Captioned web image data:
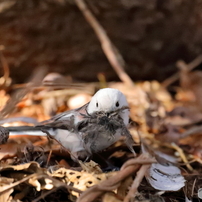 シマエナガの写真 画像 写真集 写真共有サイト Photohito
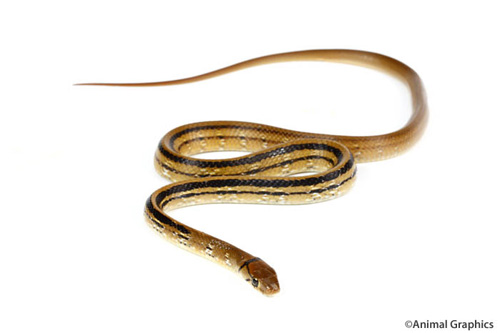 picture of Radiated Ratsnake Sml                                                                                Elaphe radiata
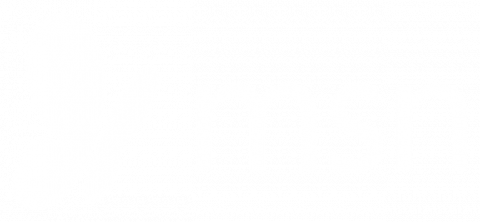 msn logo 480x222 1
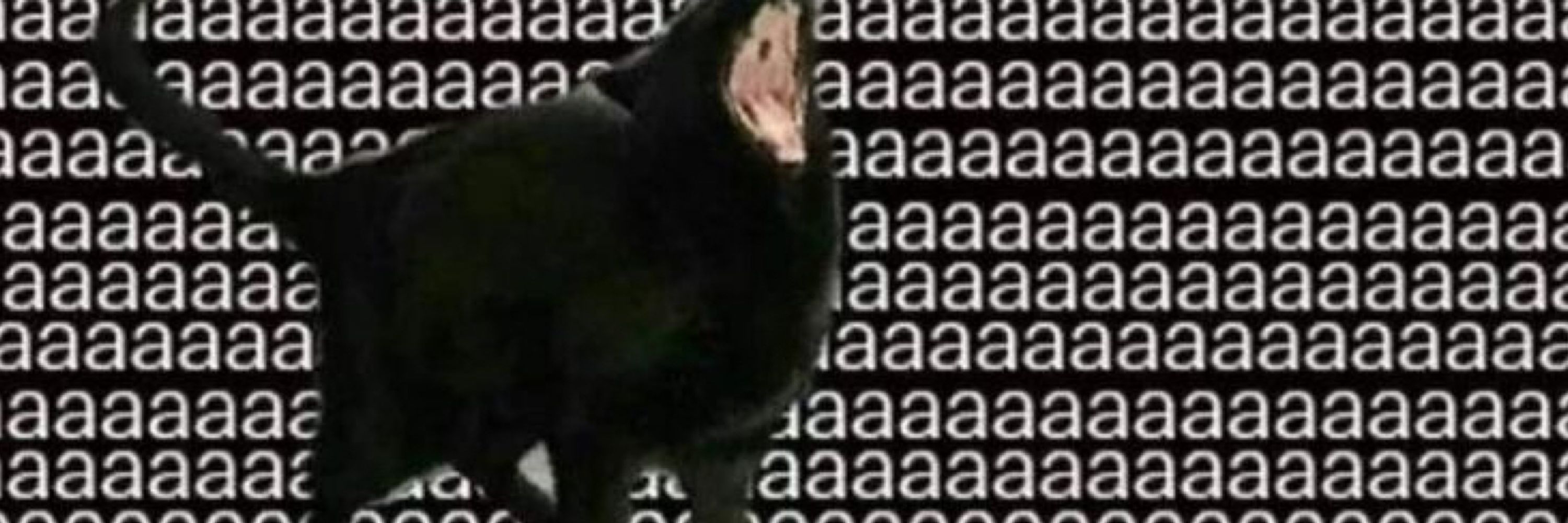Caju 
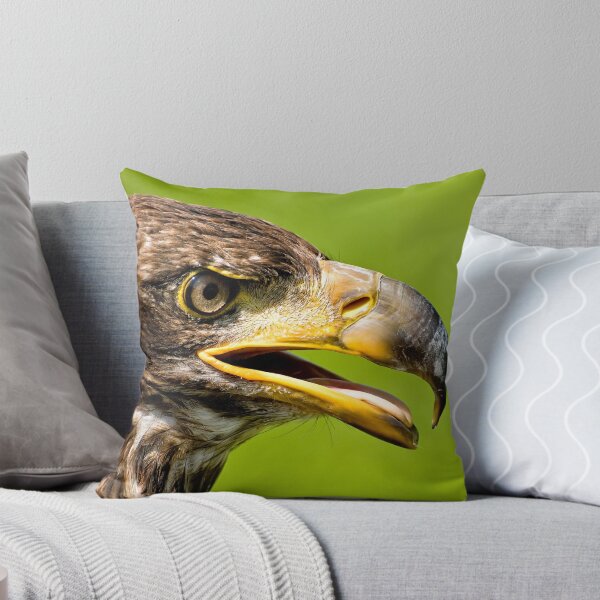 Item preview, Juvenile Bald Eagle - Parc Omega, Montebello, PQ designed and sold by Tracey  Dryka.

TRY IT: Starting at the line that contains "picture of Radiated", restate every line through the end of the records exactly as written, but leave the pictures out.

ANSWER TO THIS PROBLEM:
 picture of Radiated Ratsnake Sml                                                                                Elaphe radiata
 msn logo 480x222 1
Caju 
 Item preview, Juvenile Bald Eagle - Parc Omega, Montebello, PQ designed and sold by Tracey  Dryka.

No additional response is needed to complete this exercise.